Things had not quite gone as far as hanging out the bunting or baking a ‘welcome home’ cake but there was an air of intrigue about Jordan Hugill coming back to Preston North End as a Middlesbrough player.
In the end the striker wasn’t even aboard the Boro team coach, left at home on Teesside to prepare for league action rather than do battle with his former club in the third round of the League Cup at Deepdale.
The North End defence instead had Ashley Fletcher and Rudy Gestede to battle with in a game they were to eventually lose on penalties.
Hugill might be quite long gone in terms of being a PNE player but he is never too far from the conversation.
It is eight months, give or take a couple of days, since he hopped on a train and travelled to London to sign for West Ham for £9.5m.
In August Hugill headed back north, not stopping at Preston but continuing to the Riverside Stadium to join Boro on a season-long loan.
A replacement for him at Deepdale is still awaited, the ‘targetman wanted’ sign hanging in the window.
Other strikers are now in the dressing room, Louis Moult arriving ahead of Hugill’s exit, Lukas Nmecha coming from Manchester City on loan in August.
But a Hugill Mk II has eluded North End in the transfer market, powerful physical strikers in short supply it seems.
The fee from Preston’s club record sale is often talked about by supporters.
It was a running theme at the recent fans’ forum when questions were asked about its reinvestment.
And Hugill’s name has cropped up several times in press conferences when Alex Neil talks tactics.

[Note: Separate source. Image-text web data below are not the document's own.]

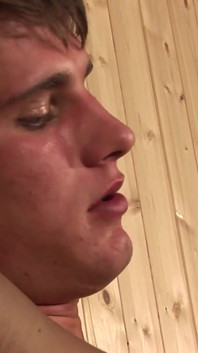 Özel video prezervatifsiz: seksi twink arkadaşının sert yarağıyla götünü siktiriyor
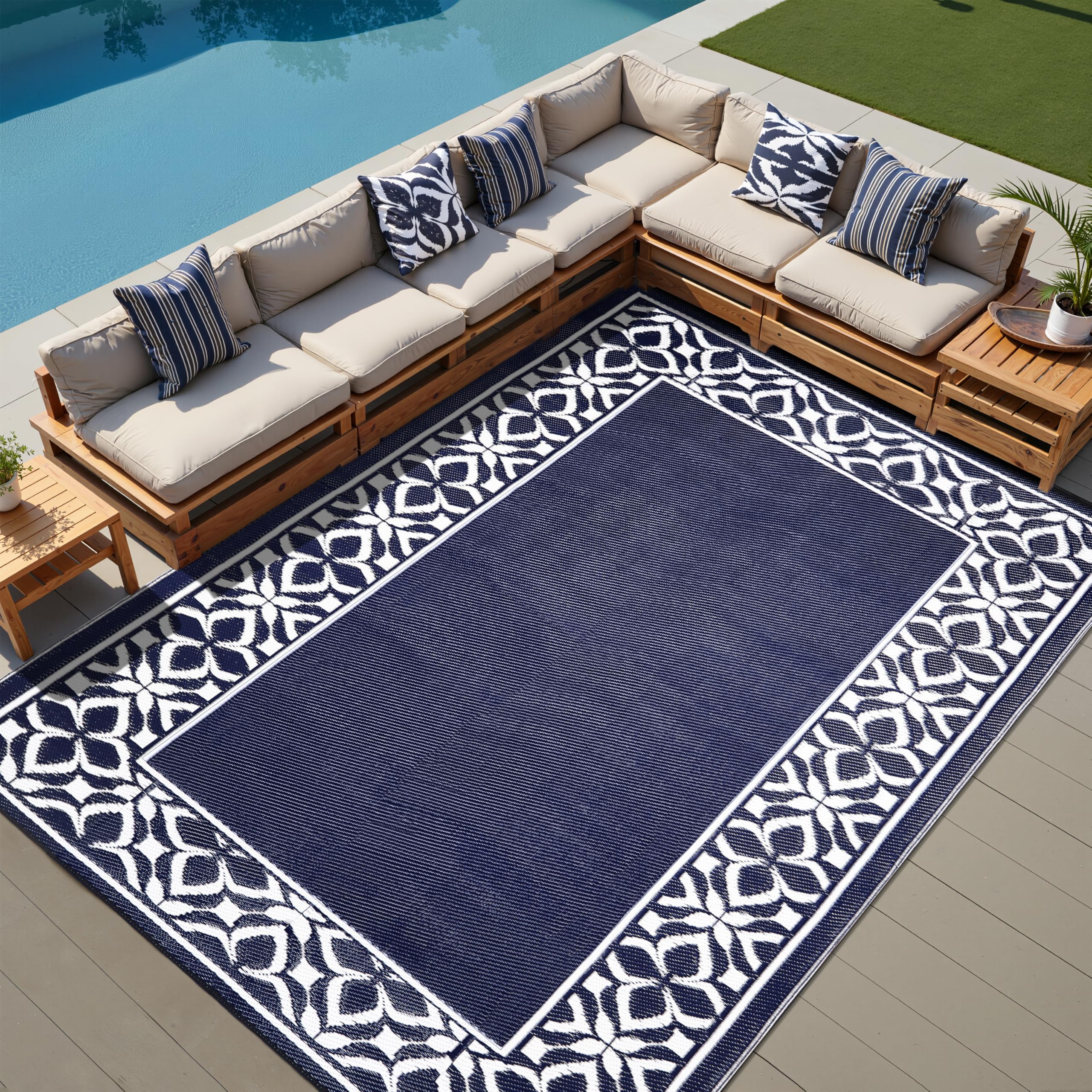 PureCozy alfombra colocada en patio creando zona cómoda y fácil de limpiar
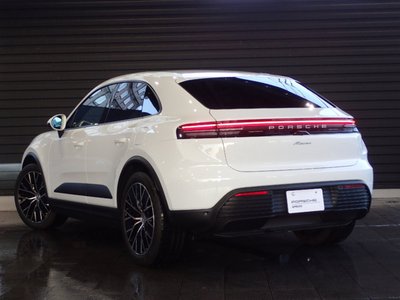PORSCHE MACAN - 7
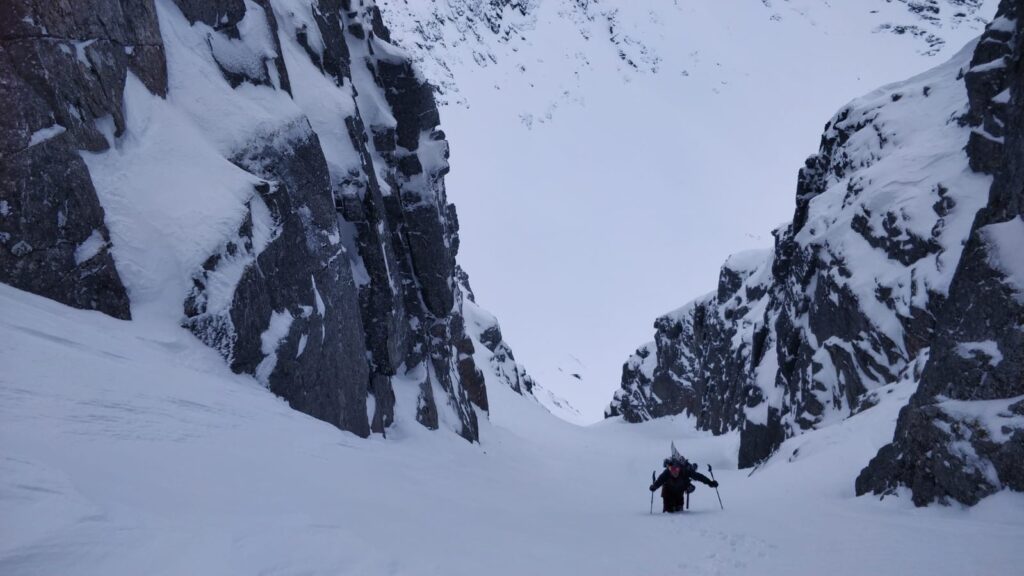 Climbing up the north couloir on Mount Aikuaivenchorr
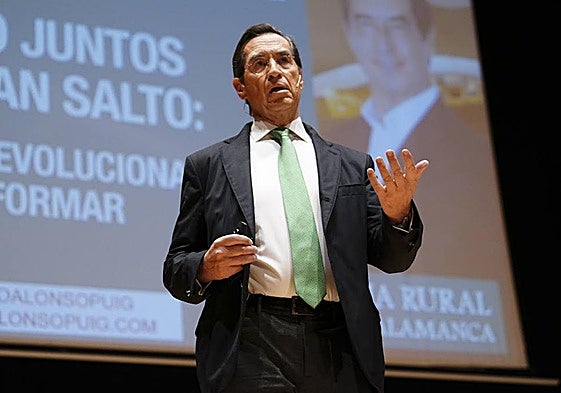 Mario Alonso Puig, durante su charla en Salamanca.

In trying to explain some of PNE’s defensive issues, Neil name checked Hugill.
Why mention a striker when a leaking back four was on the agenda?
It was because having a frontman capable of holding up the ball was an option to relieve pressure.
As it is, Neil is looking for his side to play their way up the pitch which can have its risks – Boro’s second goal coming moments after PNE had been in possession.
Not that Neil would want his side to always be trying to hit their striker but it does provide an alternative.
Presumably they will try again to unearth a targetman in January, hopefully the search more fruitful.
Then perhaps less and less we will feel the need to talk about Hugill.
After his non-appearance on Tuesday night, his return to Deepdale will have to wait to November 27 when Boro venture back to these parts in the league.
Just at the moment, Neil is getting some joy by using Callum Robinson as North End’s central striker.
It is four goals in five games for Robinson, three of those hitting the net while playing up the middle.
He has been PNE’s most consistent performer this season and is playing with lots of confidence.
Robinson looks a touch stronger this season which has benefited his game.
Last week at Sheffield United it was noticeable how confident he was in going to look to get on the ball when North End managed to get out from the back during the first half.
Later, Robinson was in the right place – seven yards out – to slot in their first goal.
The central role isn’t a new one for him, having played there a few times last season.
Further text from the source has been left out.